Isso era para ser feito num próximo mandato. Este é o primeiro, e está
agora a chegar ao fim, pelo que o próximo conselho de administração é
que terá que negociar isso com o Governo. Mas o Governo já anunciou que
quer ficar minoritário. Agora é uma questão de negociar, porque eu acho
profundamente negativo que o Estado fique minoritário. A questão é,
pura e simplesmente, esta: se queremos fazer a sério um trabalho de
reabilitação urbana, isso custa muito dinheiro. Não podemos pensar em
voltar a dar vida ao centro histórico de uma cidade onde 35 por cento
das habitações estão devolutas, se não dermos, por exemplo, facilidades
de parqueamento automóvel. É este tipo de projectos que temos em
carteira e que pensamos que é possível financiar. E como é feito esse
financiamento na componente da despesa pública? Cada um dos sócios paga
a percentagem correspondente ao capital social, portanto, nesta altura
o Governo paga 60 por cento e a câmara 40 por cento. Se as posições se
invertem e o Governo fica minoritário, cai tudo nos ombros do
município. E estamos perante investimentos que têm uma escala
incomportável com as finanças de qualquer município.
Mas estão a tentar convencer o Governo a manter a sua posição maioritária?
Tem sido essa a nossa recomendação enquanto conselho de administração.
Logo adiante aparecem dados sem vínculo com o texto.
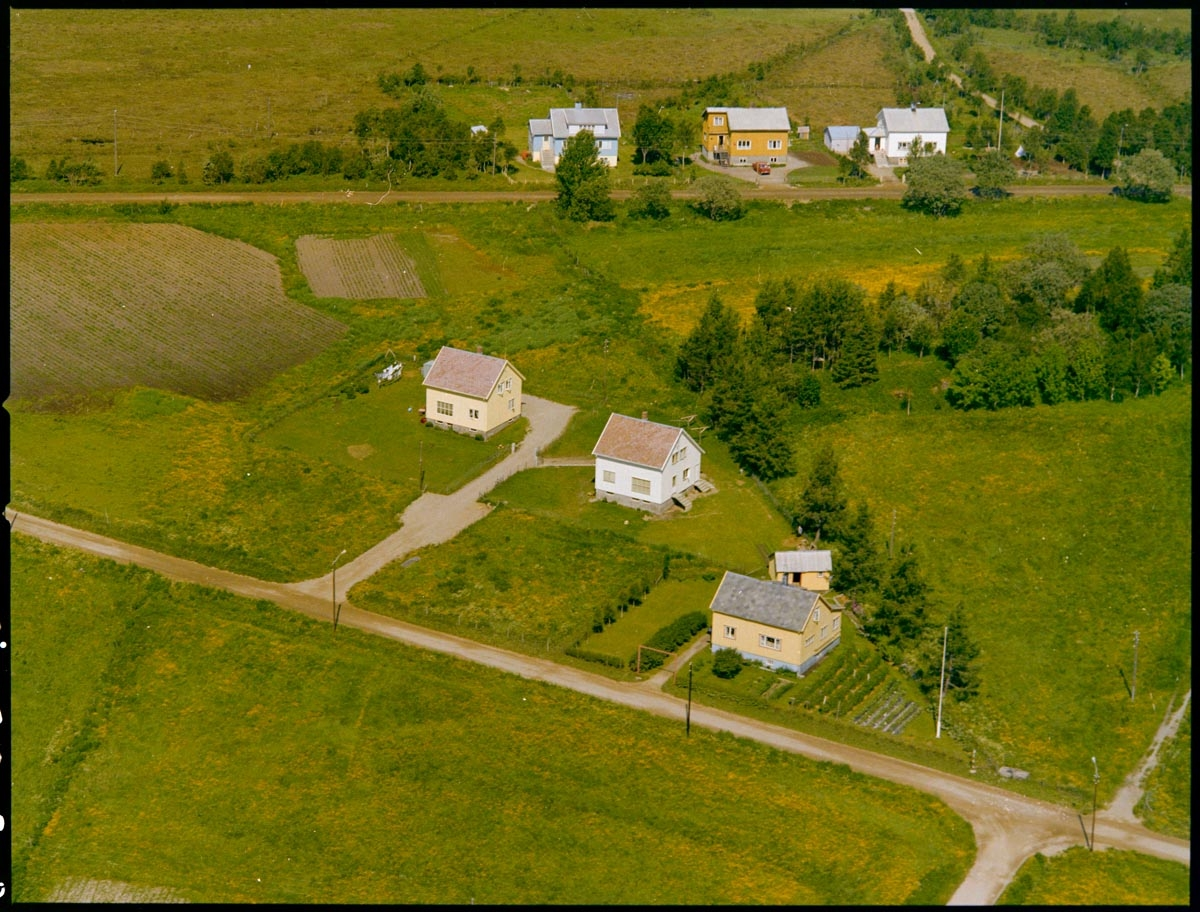 Leirfjord,Leland. Flyfoto. De tre fremste boligene i bildet er bygget som kommunale tjenesjeboliger. Her konne blandt annet lærere bo.
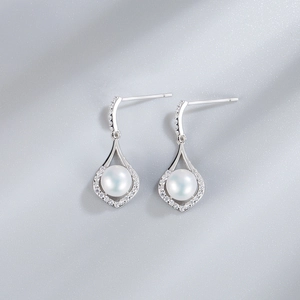 Close-up of S925 silver water drop earrings with white pearls and sparkling zirconia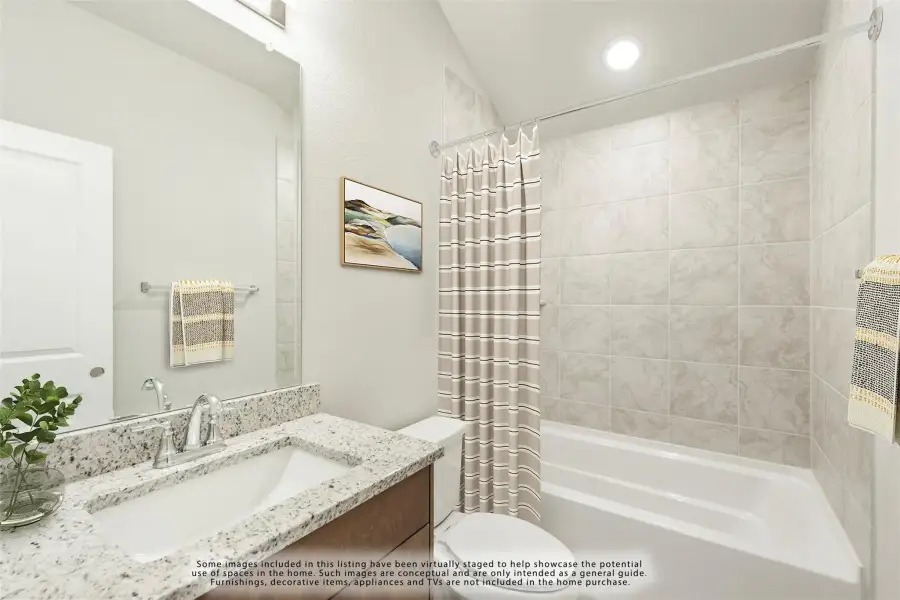 Bathroom with granite countertop vanity, tiled tub-shower combo, and large mirror
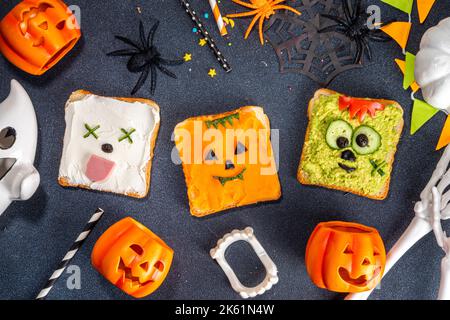 Cibo per bambini, feste o colazione Halloween idea. Semplice ricetta di panini sani da pane tostato, avocado, formaggio cremoso, zucca spalmata con Halloween Foto Stock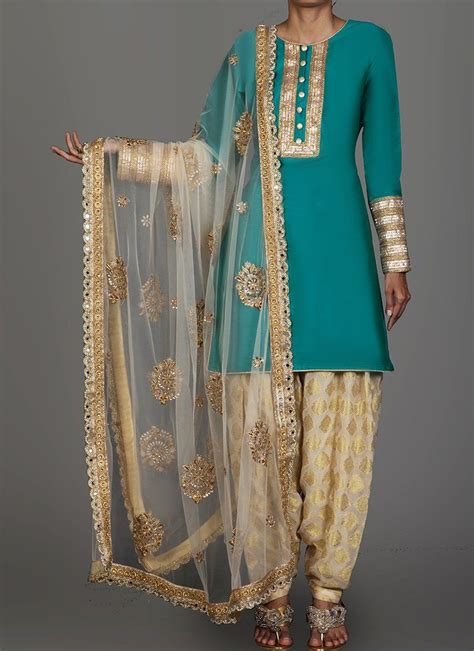 Teal And Golden Cream Brocade Punjabi Suit Features A Taffeta Silk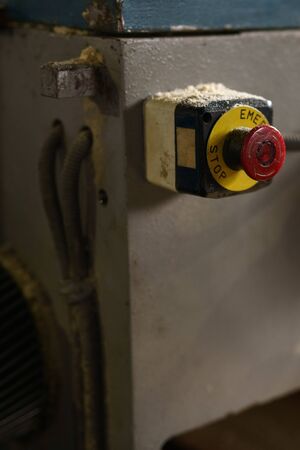 At sawmill. Stop button on machine, close-upの写真素材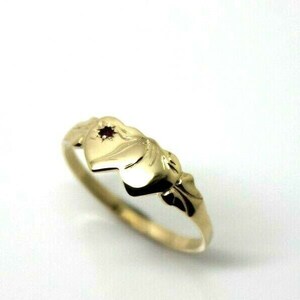 Puede incluir: Un anillo de oro con un diseño en forma de corazón y una pequeña piedra preciosa roja en el centro.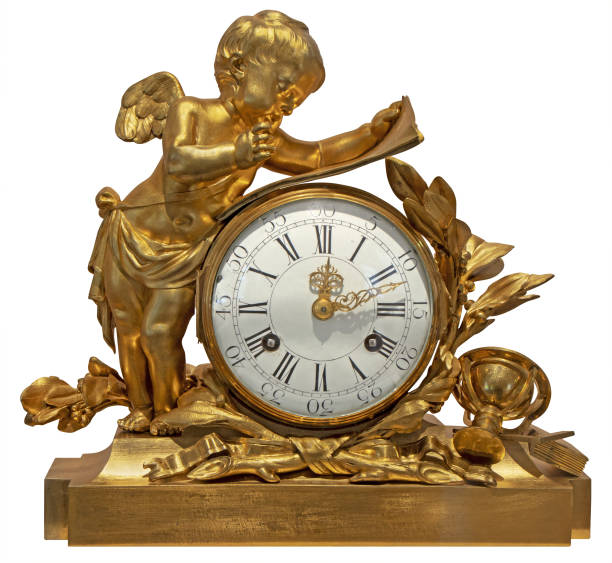 Old vintage gilded table clock with an angel, isolated on a white background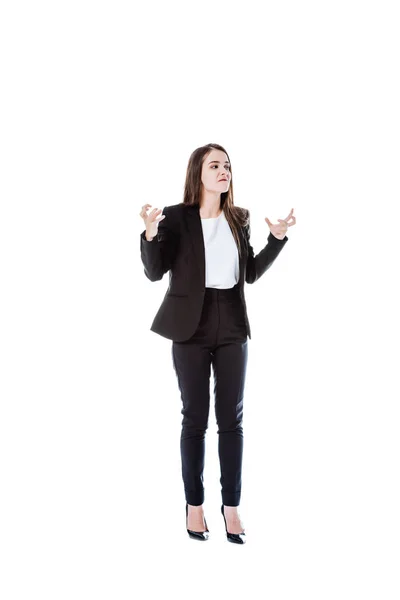 Piena vista lunghezza di donna d'affari arrabbiata in abito isolato su bianco — Foto stock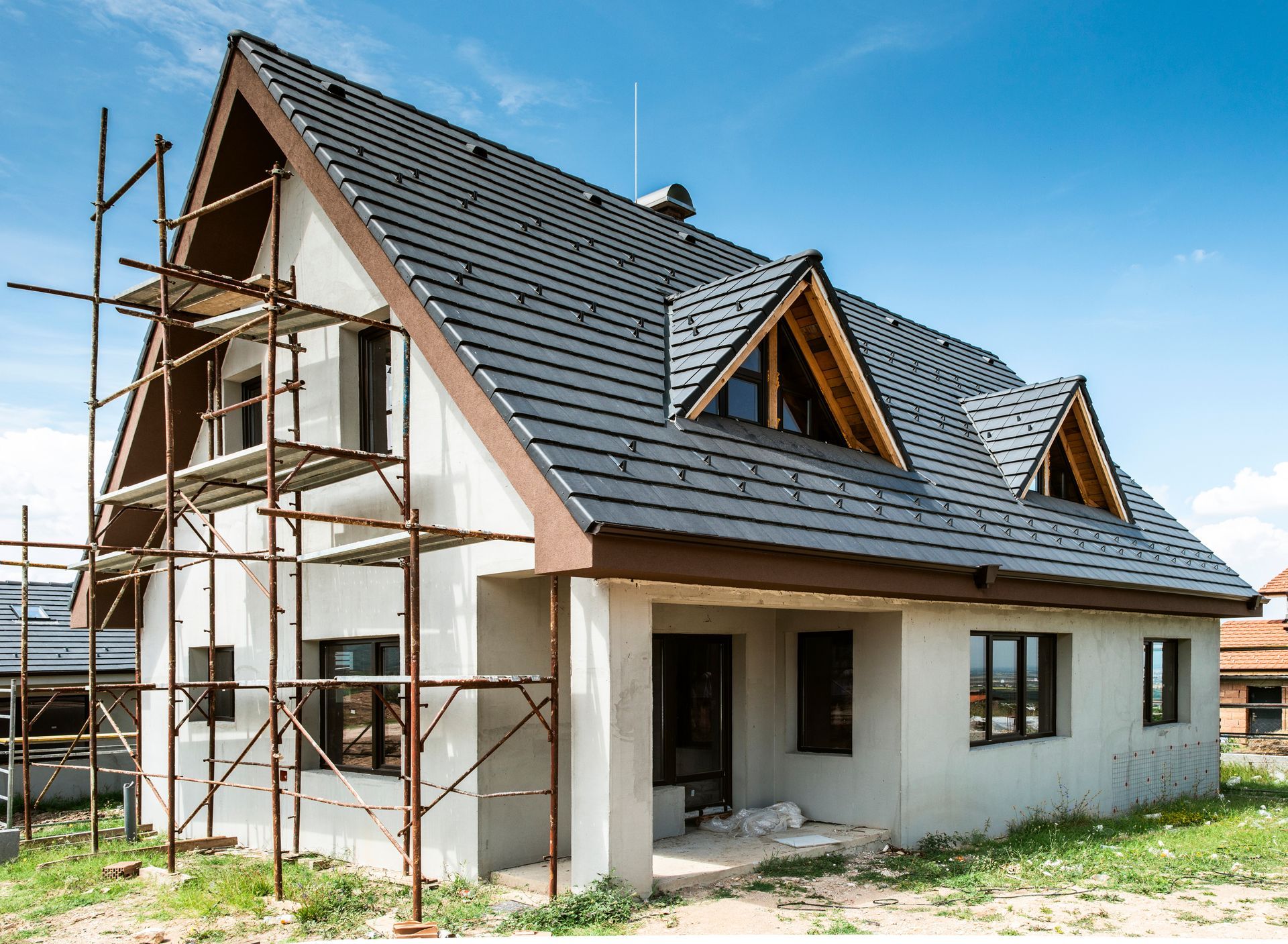 Maison en construction avec échafaudages et toit gris foncé.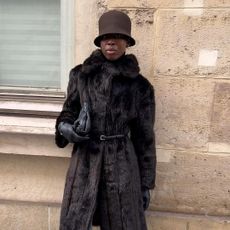 a woman wearing a wool brown bucket hat, a brown fur coat, and black leather gloves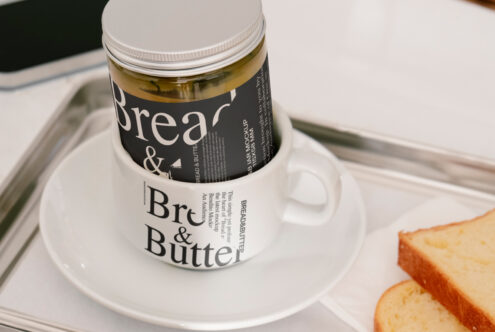 Mockup image showing a jar with Bread and Butter label placed in a coffee cup on a tray beside bread slices. Ideal for designers in packaging projects.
E espero que, pela menos, essa inversão não seja feita de forma abrupta
e, sobretudo, que seja feita depois de fazermos os principais
investimentos, ou seja, depois de 2011.
Que lhe parece a proposta do PS no sentido de se criar uma cooperativa
de interesse público para reabilitar as zonas que não suscitam o
interesse dos privados?
Falar nesses termos é pouco mais do que um sound byte. Nós vamos
trabalhar com cooperativas. No caso do morro da Sé, uma das componentes
é o envolvimento de uma cooperativa de habitação a custos controlados
para se reabilitarem alguns edifícios.